Another exercise involved identifying traits in our children that we would like to foster and develop versus trying to just build their resume. As I read through the 7 pages of characteristics complete with definitions and Bible references to back them up, I thought 2 things.
1. I may not be able to discern these things by chapter 3 and surely not by chapter 1.
2. I really need to ask myself what traits listed here do I see in ME that I want to foster and develop.
Modeling always comes before teaching. Whether we want it to or not, it does. This terrifies me because I am so wired to do instead of be. I long for my kids to know that they are known. They are honored and celebrated for who they are and not what they do. Sometimes those lines get fuzzy and I suppose that is in a later chapter cause right now it doesn't seem to be quite so pressing.
A friend of mine shared a saying with me.

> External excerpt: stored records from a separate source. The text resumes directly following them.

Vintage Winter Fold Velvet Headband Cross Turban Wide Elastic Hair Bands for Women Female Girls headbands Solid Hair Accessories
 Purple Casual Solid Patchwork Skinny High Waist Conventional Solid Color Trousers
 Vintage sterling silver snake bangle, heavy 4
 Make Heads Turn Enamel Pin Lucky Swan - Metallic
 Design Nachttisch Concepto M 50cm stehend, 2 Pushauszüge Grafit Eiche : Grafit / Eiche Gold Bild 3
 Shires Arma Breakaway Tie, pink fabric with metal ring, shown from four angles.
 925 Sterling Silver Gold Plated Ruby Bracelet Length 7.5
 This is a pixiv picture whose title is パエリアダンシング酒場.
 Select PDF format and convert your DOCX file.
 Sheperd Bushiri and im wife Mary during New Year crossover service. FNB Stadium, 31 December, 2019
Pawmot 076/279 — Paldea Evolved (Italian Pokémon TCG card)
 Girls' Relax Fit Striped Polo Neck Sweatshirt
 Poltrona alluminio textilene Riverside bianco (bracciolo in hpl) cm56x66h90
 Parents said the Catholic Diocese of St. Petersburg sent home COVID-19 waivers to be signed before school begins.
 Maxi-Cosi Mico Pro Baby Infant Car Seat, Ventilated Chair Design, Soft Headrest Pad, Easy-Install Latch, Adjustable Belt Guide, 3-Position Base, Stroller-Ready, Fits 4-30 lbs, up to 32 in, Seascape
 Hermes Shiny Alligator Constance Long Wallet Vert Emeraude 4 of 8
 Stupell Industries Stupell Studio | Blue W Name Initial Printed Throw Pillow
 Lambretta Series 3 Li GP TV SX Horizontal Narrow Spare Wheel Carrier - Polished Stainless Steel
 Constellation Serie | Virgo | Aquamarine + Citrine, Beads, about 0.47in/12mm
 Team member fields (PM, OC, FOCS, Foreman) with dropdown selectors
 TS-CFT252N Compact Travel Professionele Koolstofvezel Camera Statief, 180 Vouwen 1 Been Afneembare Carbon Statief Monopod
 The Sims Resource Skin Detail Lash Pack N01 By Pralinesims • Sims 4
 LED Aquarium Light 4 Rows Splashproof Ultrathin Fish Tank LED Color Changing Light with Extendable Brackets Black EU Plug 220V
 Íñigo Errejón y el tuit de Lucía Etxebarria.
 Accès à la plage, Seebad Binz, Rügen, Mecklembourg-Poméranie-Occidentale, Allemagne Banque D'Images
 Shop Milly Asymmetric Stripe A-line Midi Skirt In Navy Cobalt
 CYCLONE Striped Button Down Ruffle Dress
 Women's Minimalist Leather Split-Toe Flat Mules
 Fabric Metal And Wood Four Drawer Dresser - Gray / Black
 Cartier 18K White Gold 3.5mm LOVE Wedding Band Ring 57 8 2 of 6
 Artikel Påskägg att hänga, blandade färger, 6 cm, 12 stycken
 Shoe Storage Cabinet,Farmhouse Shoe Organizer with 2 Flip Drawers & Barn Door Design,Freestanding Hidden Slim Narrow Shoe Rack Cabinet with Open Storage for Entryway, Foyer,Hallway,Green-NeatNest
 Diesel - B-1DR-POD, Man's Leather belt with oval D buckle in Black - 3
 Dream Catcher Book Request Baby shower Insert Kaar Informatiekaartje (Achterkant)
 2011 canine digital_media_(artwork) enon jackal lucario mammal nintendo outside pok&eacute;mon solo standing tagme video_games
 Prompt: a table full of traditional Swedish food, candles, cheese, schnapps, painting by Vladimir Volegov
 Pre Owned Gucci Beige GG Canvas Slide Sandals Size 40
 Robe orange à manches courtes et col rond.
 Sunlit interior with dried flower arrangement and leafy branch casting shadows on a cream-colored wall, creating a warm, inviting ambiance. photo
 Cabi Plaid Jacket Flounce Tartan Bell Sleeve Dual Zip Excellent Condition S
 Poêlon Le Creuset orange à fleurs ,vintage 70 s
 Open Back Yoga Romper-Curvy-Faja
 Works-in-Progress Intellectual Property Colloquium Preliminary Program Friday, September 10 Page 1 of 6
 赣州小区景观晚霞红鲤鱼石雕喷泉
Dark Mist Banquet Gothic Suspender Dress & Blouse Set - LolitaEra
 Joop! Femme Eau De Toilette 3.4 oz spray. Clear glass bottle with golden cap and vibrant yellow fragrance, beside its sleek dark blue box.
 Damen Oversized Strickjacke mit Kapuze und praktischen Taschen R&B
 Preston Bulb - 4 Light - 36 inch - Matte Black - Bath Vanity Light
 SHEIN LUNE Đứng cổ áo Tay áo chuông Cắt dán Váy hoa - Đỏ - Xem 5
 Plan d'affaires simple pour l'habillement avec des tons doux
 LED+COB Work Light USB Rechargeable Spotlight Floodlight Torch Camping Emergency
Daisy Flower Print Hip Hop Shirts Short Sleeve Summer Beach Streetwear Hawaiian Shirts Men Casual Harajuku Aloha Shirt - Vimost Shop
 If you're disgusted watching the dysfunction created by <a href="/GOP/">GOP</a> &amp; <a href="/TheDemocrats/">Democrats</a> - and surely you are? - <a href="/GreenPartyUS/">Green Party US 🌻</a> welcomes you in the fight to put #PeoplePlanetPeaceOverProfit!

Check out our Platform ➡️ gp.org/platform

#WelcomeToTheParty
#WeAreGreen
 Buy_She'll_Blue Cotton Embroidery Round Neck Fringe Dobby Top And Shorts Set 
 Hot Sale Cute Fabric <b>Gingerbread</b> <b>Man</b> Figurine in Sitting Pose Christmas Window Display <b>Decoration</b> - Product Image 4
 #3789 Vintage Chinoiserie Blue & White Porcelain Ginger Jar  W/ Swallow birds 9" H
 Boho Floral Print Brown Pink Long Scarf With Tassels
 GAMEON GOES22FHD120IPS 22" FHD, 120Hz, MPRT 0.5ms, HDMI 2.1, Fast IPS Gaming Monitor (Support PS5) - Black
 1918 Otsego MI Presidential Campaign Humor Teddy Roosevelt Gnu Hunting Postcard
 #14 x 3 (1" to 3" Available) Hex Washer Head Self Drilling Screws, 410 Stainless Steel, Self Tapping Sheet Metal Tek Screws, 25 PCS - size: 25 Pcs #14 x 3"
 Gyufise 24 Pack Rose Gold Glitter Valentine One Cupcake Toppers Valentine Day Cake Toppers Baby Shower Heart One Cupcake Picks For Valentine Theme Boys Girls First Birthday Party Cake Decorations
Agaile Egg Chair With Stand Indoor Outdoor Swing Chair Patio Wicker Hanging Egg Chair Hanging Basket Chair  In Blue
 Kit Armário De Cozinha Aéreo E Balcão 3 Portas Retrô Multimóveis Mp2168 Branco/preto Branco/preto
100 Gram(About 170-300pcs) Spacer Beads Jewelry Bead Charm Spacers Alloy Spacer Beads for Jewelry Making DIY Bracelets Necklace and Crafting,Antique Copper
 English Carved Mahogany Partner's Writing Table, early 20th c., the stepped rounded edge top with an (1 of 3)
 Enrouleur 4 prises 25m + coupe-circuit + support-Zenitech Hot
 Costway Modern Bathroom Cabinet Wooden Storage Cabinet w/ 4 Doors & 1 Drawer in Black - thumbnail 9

She said, "We make a path by walking." I suppose that is what parenting is; observing in patience as your child's book is written. Being attentive to shifts and changes and following the narrative like it is your favorite subject. Stories aren't interesting unless they have conflict. Stories aren't interesting if you know the end before you start. Stories aren't stories unless there is someone listening.

Wednesday, March 10, 2010

This might have done it. 6 months of non- posting and neglecting my blog may have actually alienated all my of readers. That's right all 4 of you are gone now, so I can write again with out censoring and wondering what ... will think of this .... blah. blah.
I haven't written in 6 months because for the last six months I have had a lack of insight and inspiration. And then from a far off dusty place, I hear the voices of my college professors echoing through my conscience saying that a true artist works through the dry spells and forces their hand to keep working. I begin to feel pressured to live up to my own expectations as well as the perceived expectations of my future memoirist but under the weight of the pressure I cave and recoil and recede.
I have been trying to read a little bit each day, between the diapers and laundry and lesson plans and now have some one else's insight that I would like to share. I'm a bit rusty so forgive my preface.

First a quote:
Inspiration may be a form of superconsciousness, or perhaps of subconsciousness - I wouldn't know. But I am sure it is the antithesis of self- consciousness. --- Aaron Copland

Next a passage from Cannery Row:
They are the Virtues, the Graces, the Beauties of the hurried mangled craziness of Monterey and the cosmic Monterey where men in fear and hunger destroy their stomachs in the fight to secure certain food, where men hungering for love destroy every thing lovable about them. Mack and the boys are the Beauties, the Virtues, the Graces. In the world ruled by tigers with ulcers, rutted by strictured bulls, scavenged by blind jackals, Mack and the boys dine delicately with the tigers, fondle the frantic heifers and wrap up the crumbs to feed the sea gulls of Cannery Row. What can it profit a man to gain the whole world and come to his property with a gastric ulcer, a blown prostate and bifocals? Mack and the boys avoid the trap, walk around the poison, step over the noose while a generation of trapped, poisoned, and trussed up men scream at them and call them no goods, come to bad ends, blots on the town, thieves, rascals, bums. Our Father who art in nature, who has given the gift of survival to the coyote, the common brown rat, the English sparrow, the house fly and the moth, must have a great and overwhelming love for no goods and blots on the town and bums and Mack and the boys. Virtues and graces and laziness and zest. Our Father who art in nature.